Le point

Le point

Ceci n’est pas fait pour être lu. D’ailleurs, même moi je ne vais pas me relire et il y aura sans doute plein de fautes. Mais je me dis que ça pourrait être utile de sortir tout ce que j’ai en tête et que ça pourrait mieux marcher si c’était publié qu’oublié dans un fichier au fond de mon disque dur.

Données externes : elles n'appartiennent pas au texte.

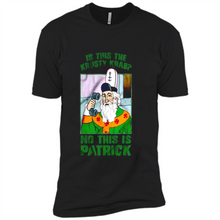 Load image into Gallery viewer, Is This The Krusty Krab No This Is Patrick Saint Patrick Version
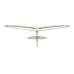 Dancing Wings Hobby FD12 1200mm Wingspan Windrunner Discus Launch Glider Balsa Wood F3K DLG RC Airplane KIT/ KIT+Servos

Je suis né le 9 octobre 1990. Pas vraiment de souvenirs marquants dans mon enfance. Mère ultra possessive et père incapable d’écrire correctement mon prénom. Les seules sorties étaient pour aller faire les courses le samedi après-midi et les vacances, où mon père (menuisier) transformait son fourgon en simili camping-car et où on vadrouillait durant deux semaines. Le seul musée qu’on a visiter, c’est un musée sur le Débarquement à Sainte-Mère-L’Église. À part ça, jamais de sorties culturelles, jamais de ciné et même jamais de films : je dois être la personne de mon âge à avoir vu le moins de Disney. Par contre, télé à fond avec toutes les émissions stupides possibles. La seule chose que j’avais, c’était le Journal de Mickey que ma grand-mère m’achetait chaque semaine.

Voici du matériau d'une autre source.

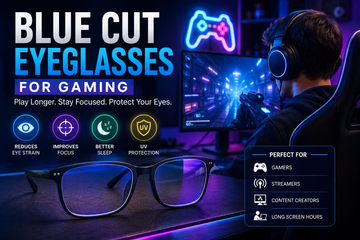 Blue Cut Eyeglasses for Gaming: The Ultimate Guide for Comfortable and Healthier Gaming Sessions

Heureusement que l’école, c’était mon truc. Aucune difficulté et du coup, personne s’intéressait à moi. Je me souviens de ma prof de CP dire «Cyril est très bien mais tout le monde serait comme lui, on s’ennuierait». Au début du CM1, on m’avait proposé de rejoindre les CM2 : j’avais refusé, je voulais pas me retrouver avec des gens que je connaissais pas. En ne mangeant pas à la cantine et étant donc présent que pour les cours, de toute façon, je pouvais pas connaître grand monde.

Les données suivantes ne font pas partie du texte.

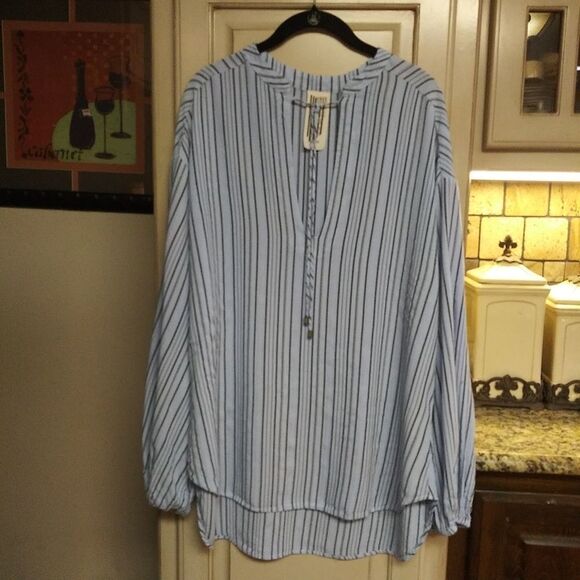 Free People Sz. XS Oversized Rhythm of the Night Tunic - Picture 5 of 12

Passage au collège. Les premiers jours sont très difficiles : trop de monde. Heureusement, mon prof principal l’a remarqué, me demande de rester un peu après un de ses cours, me dit de me concentrer sur moi et après, tout se passe mieux. Une fois, une surveillante est venue me voir pour savoir si ça allait vu que j’étais tout le temps tout seul à la récré, assis sur un banc : elle est vite repartie quand elle a vu que j’étais très content dans mon bouquin de maths.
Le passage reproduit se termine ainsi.